Here's a sitemap example i've made for you:

{"_id":"link1test","startUrl":["https://www.myscience.org/jobs/search?ctrl=1&p=&d=Administration-Government&r=New+South+Wales&t=&q="],"selectors":[{"id":"click_next","type":"SelectorElementClick","selector":"div.textbody > div.block","parentSelectors":["_root"],"multiple":true,"delay":"1500","clickElementSelector":"div.container a.nav:last-child","clickType":"clickMore","discardInitialElements":false,"clickElementUniquenessType":"uniqueText"},{"id":"Title","type":"SelectorLink","selector":"a.url","parentSelectors":["click_next"],"multiple":true,"delay":"1500"},{"id":"text_inside","type":"SelectorText","selector":"table","parentSelectors":["Title"],"multiple":false,"regex":"","delay":0}]}

It will go through all the pages in pagination, then it will go trough the Jobs pages.

Please choose the right region beforehand and put the URL into sitemap (Sitemap -> Edit Metadata)

Hmm, some reason that didn't work on my side. It paginated through all 5 pages but only scrape one page of links before ending. I found a slightly different way to make it work w/o use element-click selector

Any thoughts on why this method worked for me but the way you suggested didn'tt?

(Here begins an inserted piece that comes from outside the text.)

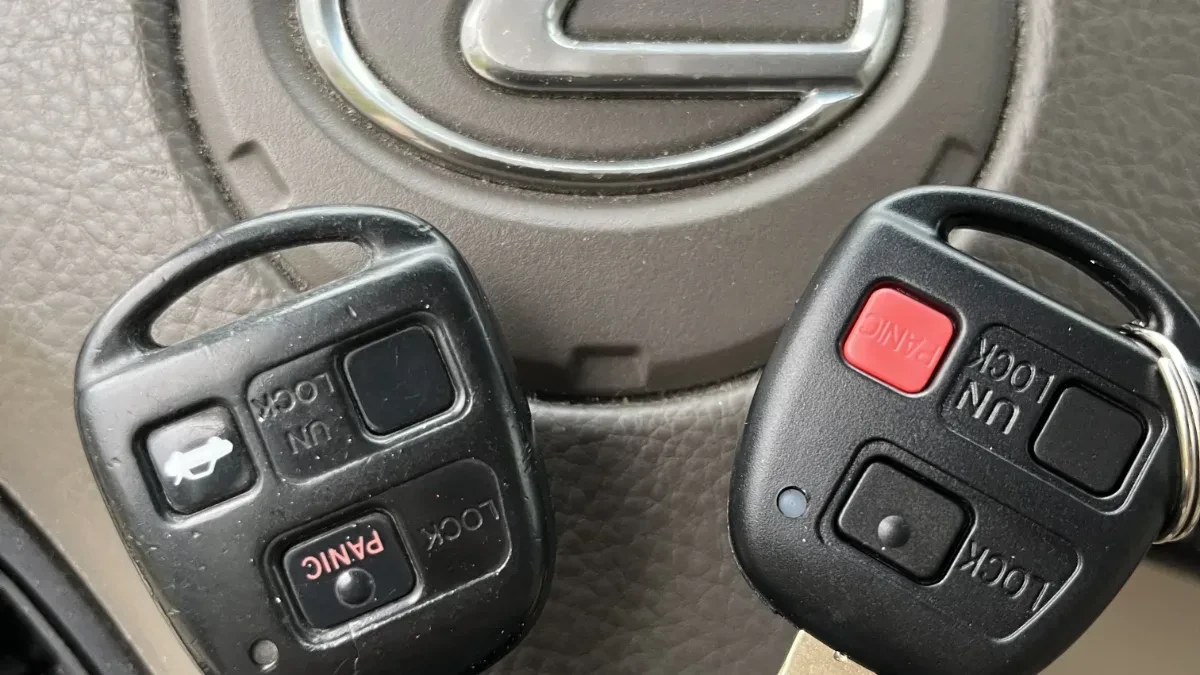 Licensed locksmith replacing 2010 Lexus ES key in Encinitas CA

{"_id":"link1test","startUrl":["https://www.myscience.org/jobs/search?ctrl=1&p=&d=Administration-Government&r=New+South+Wales&t=&q="],"selectors":[{"id":"Pag","type":"SelectorLink","selector":"div.container a.nav:last-child","parentSelectors":["_root","Pag"],"multiple":false,"delay":0},{"id":"Link Selector","type":"SelectorLink","selector":"a.url","parentSelectors":["_root","Pag"],"multiple":true,"delay":0},{"id":"Body Text","type":"SelectorText","selector":"tbody","parentSelectors":["Link Selector"],"multiple":false,"regex":"","delay":0}]}

1 Like

I've probably did a mistake somewhere, I can't put as much effort into it as want due to my dayjob.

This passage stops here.